Students come from a wide variety of educational backgrounds. Two main challenges for exchange students learning in an all-English environment are technical vocabulary words and the amount of homework in their American high schools. Students are required to maintain a “C” average in their courses, so if their grades start slipping, IECs and EF staff will need to provide guidance. You can help, too.

Education around the world

School systems vary greatly around the world and each of our students has had a unique educational experience. In most countries, students are placed in their classes and do not get to choose which courses they take. Outside of the US, it’s quite rare to have elective courses, exploratory options or for students to take classes “just for fun.” They often spend the entire day with the same group of students, in the same classroom, taking a pre-determined set of classes together. The concepts of selecting their classes, choosing electives and changing rooms for each class may be very new to them.

Learning in English

Going to an American high school may be the first time that your student will be learning entirely in English. Even straight-A students have a hard time adjusting to math, science and history lessons taught in their non-native language. Their challenge is doubled compared to their peers; not only do they have to keep up with the new material in class, they must do it while learning a completely new technical vocabulary.

“I wish my host family knew that the American education system is a lot different than in South Korea. In South Korea, the teachers are teaching, students are listening. We rarely ask questions.”

— Seoughun from South Korea

Homework and testing

School systems around the world differ from education in America in a variety of ways. In general, exchange students may not be used to the importance of regular homework, class participation or group work.

 

In America, it's common to have pop quizzes, mid-terms, nightly homework and weekly assignments. Final grades are determined, in most cases, by class participation, group projects, quizzes, tests and homework. Students may need to be reminded that every assignment is important and could impact their overall grade in the class.

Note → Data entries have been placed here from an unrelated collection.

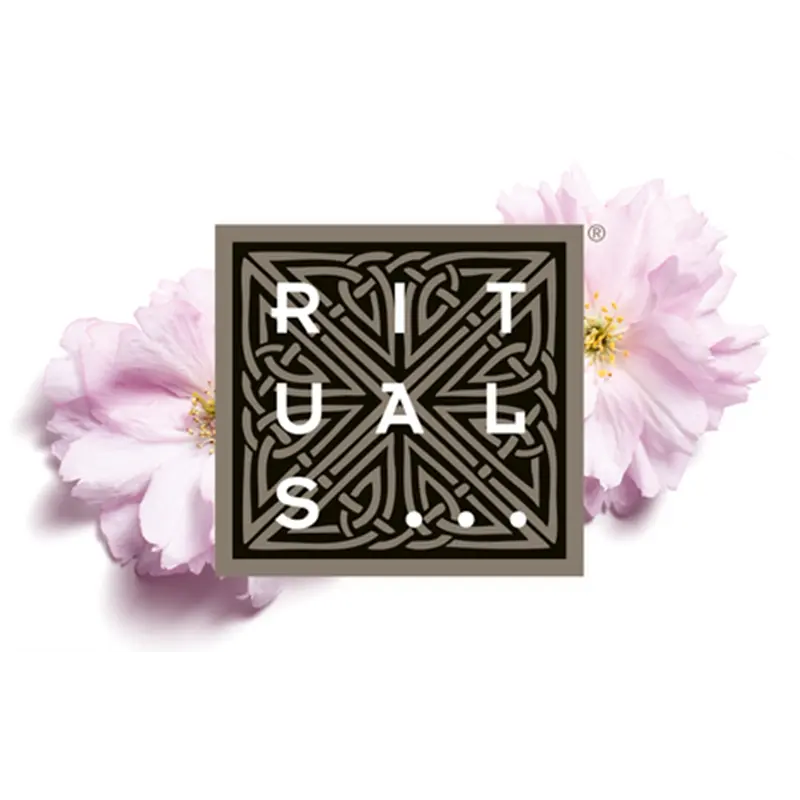 Rituals e-gift 5 euro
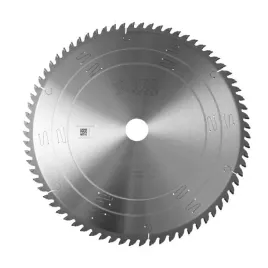 ita-tools-pila-diamentowa-do-pilarek-panelowych-300x30x72z-h6-mm
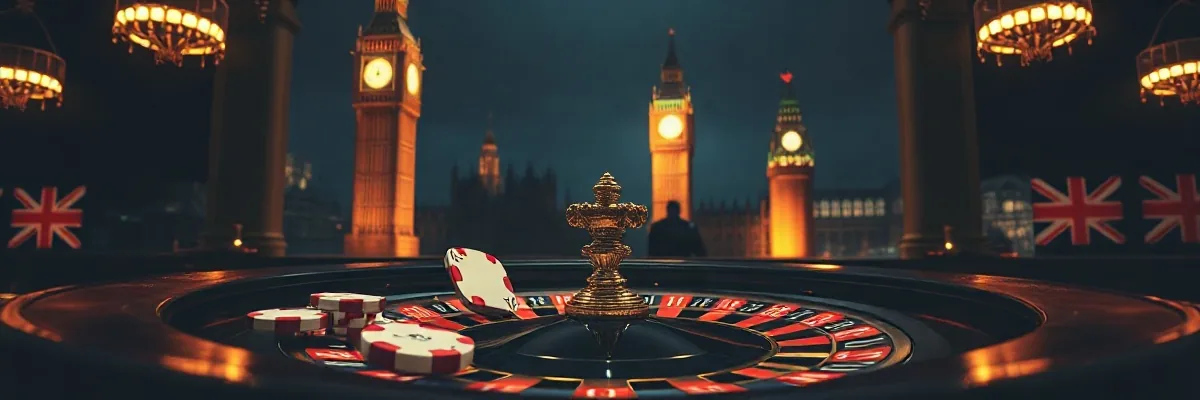 Break-even arithmetic for a typical session: paypal casino uk guide for players in the UK
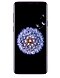 Galaxy S9ㅣS9+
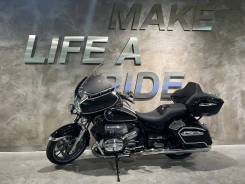 BMW R 18, 2021 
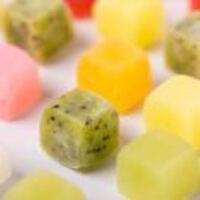 29f7be788c6df23c78e422cfa10397d0fb5e2373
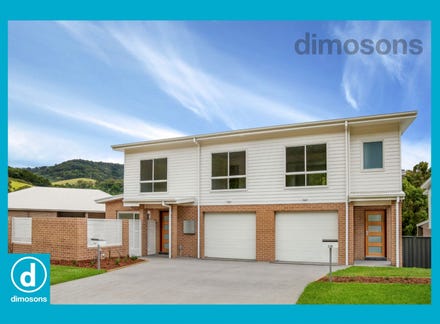 22A Whistlers Run, Albion Park, NSW 2527 - realestate.com.au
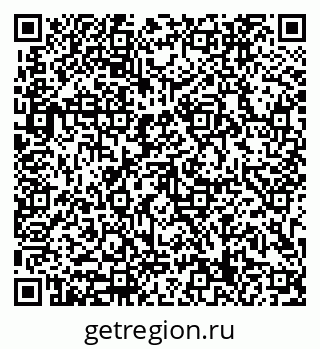 79633309166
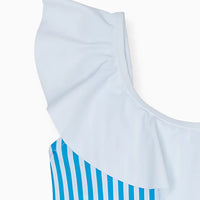mila swimsuit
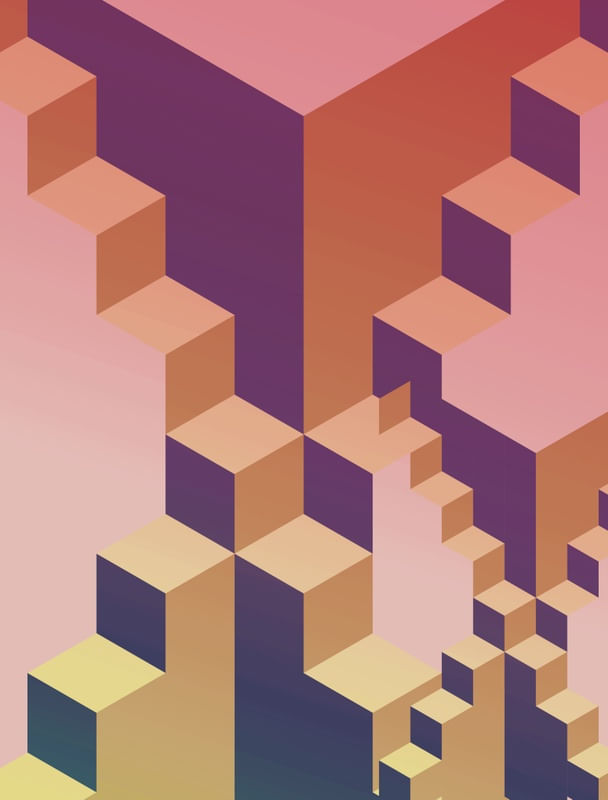 GEOMETRIA 07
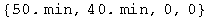 [Graphics:ps2gr30.gif]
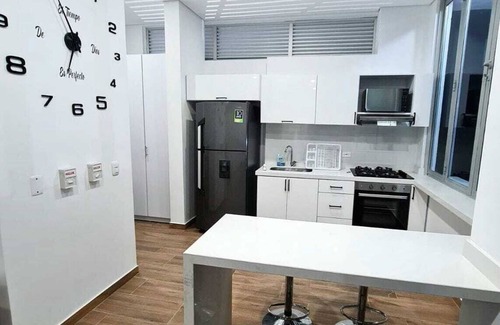 Fusagasuga Cabina | Finca las palmas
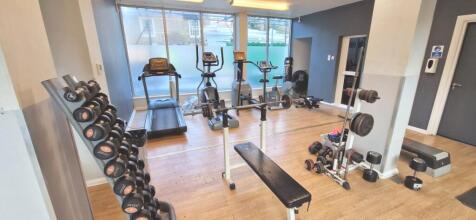 Property Image 9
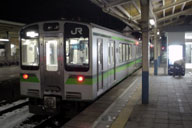 ����w����30����̓d�ԂŐ܂�Ԃ�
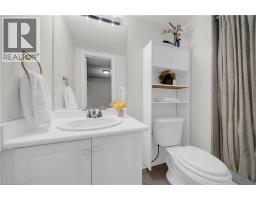 2403 Marine Drive, Oakville, ON L6L1C6 Photo 43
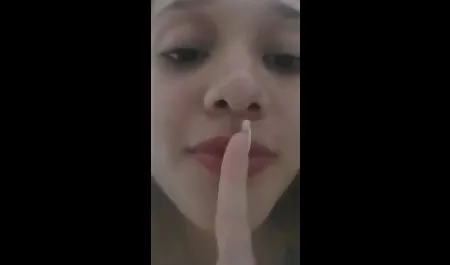 Rusa rubia con grandes tetas follando con su masajista después de morenas culonas tetonas la mamada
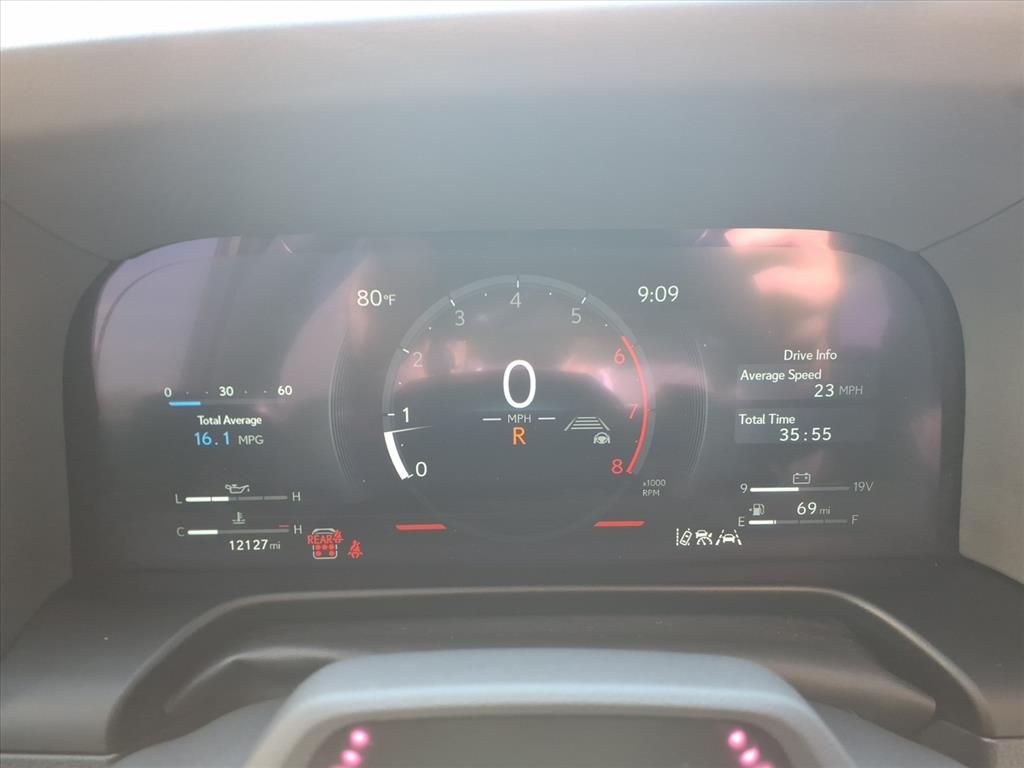 2024 Lexus GX 550 Luxury  at Westside Lexus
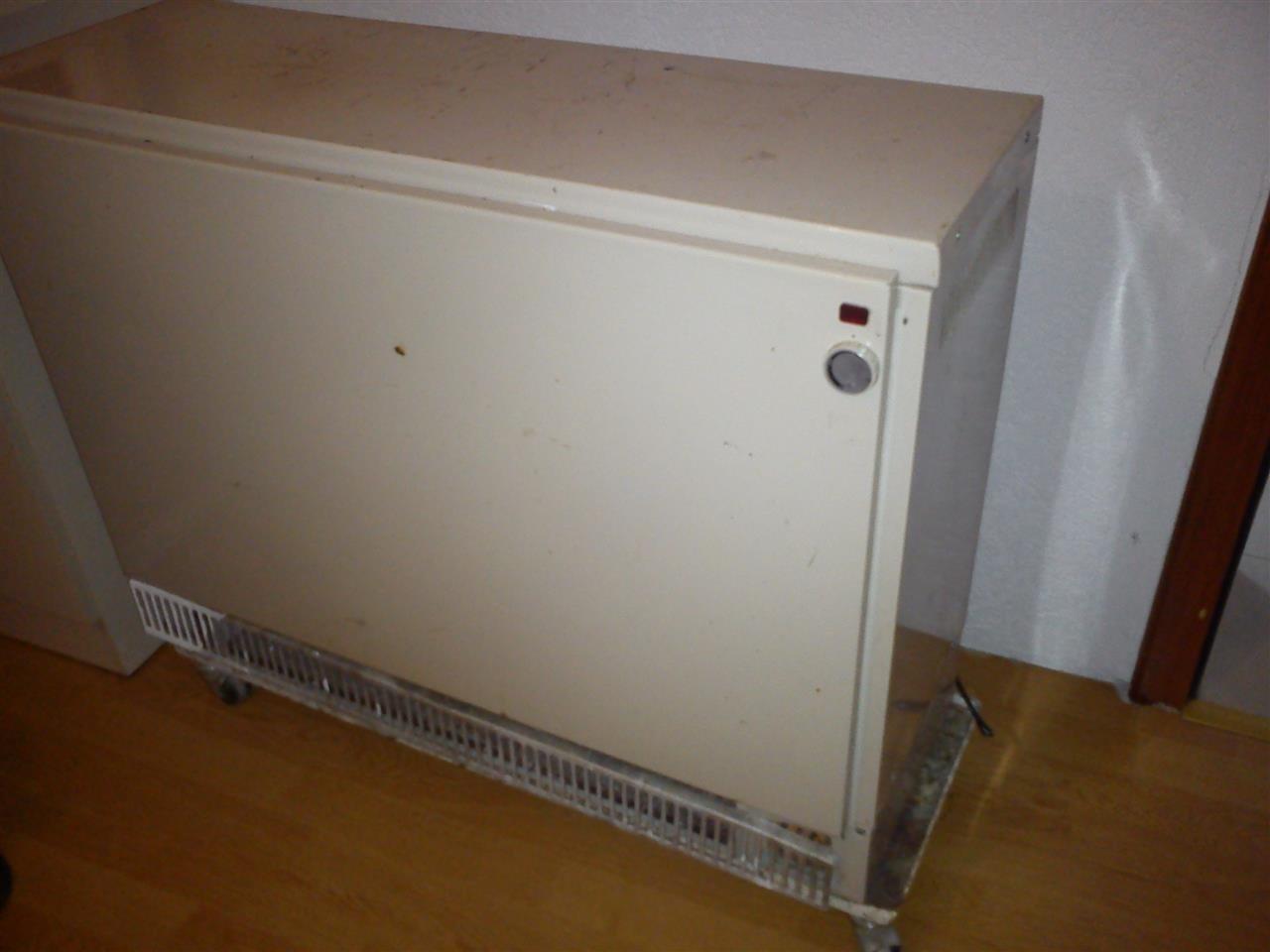 Termo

Grading systems in other countries

In Sweden, for example, many grades are based on group projects meant to foster debate and collaborative thinking. Tests are less frequent and rarely have multiple-choice options. In Japan, students learn in a lecture-style format with only the teacher talking. Students are encouraged to be silent during class and graded solely on regular testing. In the Netherlands, students are given a set amount of work that they will be tested on at the end of the semester. They are expected to study independently and be prepared for an exam at the end of the term. Learn about the education style that your student is used to in order to best support them in their American high school.

How can you help

Case study: Academic struggles

Academic success is a crucial part of the exchange program and we want to see every student succeed. Here are some recommendations on helping students improve grades.

Support at school

Suggest that your student meet with their guidance counselor, advisor or teacher to identify where they are struggling. Many teachers offer extra help or study hall periods where students can receive individualized help. Encourage your student to utilize this study time whenever possible.

Support at home

Set appropriate study and homework habits such as specific times and locations. Provide a quiet place for your student to study and get their homework done without distractions.

 

Help your student get organized. Talk through assignments and due dates to make sure they understand what’s expected of them. Encourage them to focus on one big assignment per day to avoid feeling overwhelmed by many unfinished large projects.

External tools

Talk with your IEC about local support available. Many coordinators are aware of tutors in the area who have experience working with high school students. Please also ensure your student speaks with their parents in their home country about how they will cover the cost of these sessions.

Student perspective

Niko from Austria is spending his exchange in Utah. At his American high school, he is taking chemistry, geometry, English II, American government, ceramics and personal fitness. Niko is struggling to adjust to those classes being taught in English and is having a hard time keeping up with the amount of homework his teachers assign each day. He just had an important test in geometry, but it didn’t go well. He’s starting to worry because he’ll need to bring his American transcripts with him when he returns to Austria.

Host family perspective

Anthony has hosted eight students over the last 10 years. Although Niko is his first student from Austria, he is not the first student who has struggled with grades. Anthony knows that the school system in America is a lot different than what Niko is used to and that he’ll need to provide more structure and guidance for Niko to succeed here.

How they handled it

Anthony got his big whiteboard calendar from his home office and put it in the kitchen. After dinner one night, he had Niko write down all his upcoming test dates in red and his current homework in blue. They updated the calendar every night as Niko got new assignments or learned about another exam. It became a part of their evening routine. To help Niko focus on homework, Anthony told Niko that he would set aside time each night to keep the house quiet while Niko worked. He also said he could get Niko to school early once or twice a week to meet with his geometry and chemistry teachers. After a month of hard work, Niko had raised his grades and got a B+ on his next geometry test!